We’re combining the best of @wearosbygoogle and @SamsungMobile Tizen into a unified wearable platform. ⌚ Apps will start faster, battery life will be longer and you'll have more choice than ever before, from devices to apps and watch faces. #GoogleIO pic.twitter.com/vj2aYZD81x
— Google (@Google) May 18, 2021
Thankfully, Samsung's plans are slightly more concrete. The company intends to launch a new smartwatch with Wear OS later this year — likely the rumored Galaxy Watch 4 lineup that's been talked about for months. For current Tizen devices, Samsung promises at least three years of software support from each launch date, but the company won't move them to Wear OS. Under this new policy, last year's Galaxy Watch 3 will receive updates through August 2023.

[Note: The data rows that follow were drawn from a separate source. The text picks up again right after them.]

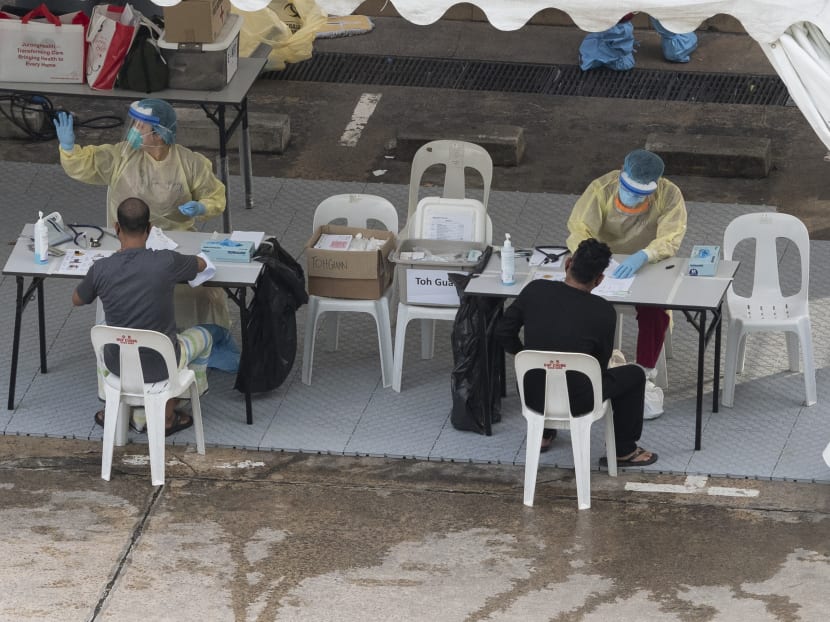 Health workers processing medical documents for migrant workers at Toh Guan Dormitory on April 30. The author says it would be indiscriminate to say that migrant workers were treated as invisible.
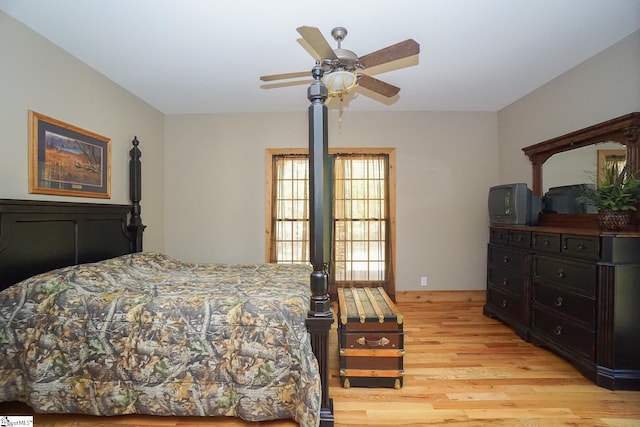 bedroom with ceiling fan and light hardwood / wood-style flooring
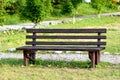 Brown wooden bench in the park. Summer sunny day. Green grass and trees. Resting and relaxing area. Empty bench for sitting. Wood Royalty Free Stock Photo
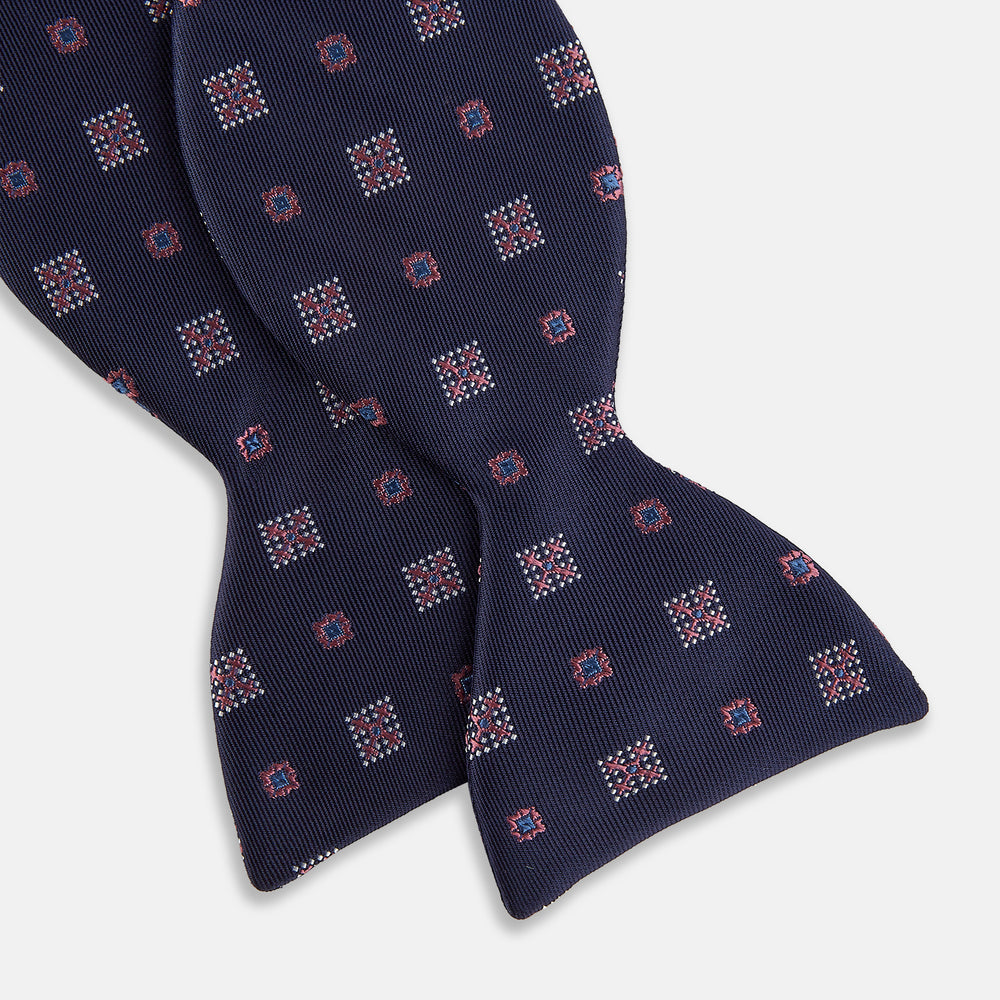 The Turnbull & Asser Pink Shields Bow Tie features a pink pattern with shield motifs, ideal for formal occasions and displayed on a plain white background.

Finally, there's Fitbit. Google completed its purchase of the fitness-focused company at the start of 2021, and we've been waiting to hear whether its future hardware would be based on Wear. Co-founder James Park confirmed plans to build high-end watches running Google's wearable OS during yesterday's keynote, but there are no public plans for what could happen to last fall's flagship trackers. Unlike Samsung, however, it sounds like Fitbit plans to continue to offer low-cost wearables based on its own operating system like the Fitbit Luxe announced last month.